## EXERCISE BRIEF
The response should consist solely of the lines running from the line with "Spring Mixed Onions" to the end of the data, retyped exactly.

## RECORDED DATA
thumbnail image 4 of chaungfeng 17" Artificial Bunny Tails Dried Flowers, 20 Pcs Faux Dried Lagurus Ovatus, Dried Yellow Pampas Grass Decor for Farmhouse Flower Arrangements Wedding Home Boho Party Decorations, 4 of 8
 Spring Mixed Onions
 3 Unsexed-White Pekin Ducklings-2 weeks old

## RESULT OF THIS TASK
 Spring Mixed Onions
 3 Unsexed-White Pekin Ducklings-2 weeks old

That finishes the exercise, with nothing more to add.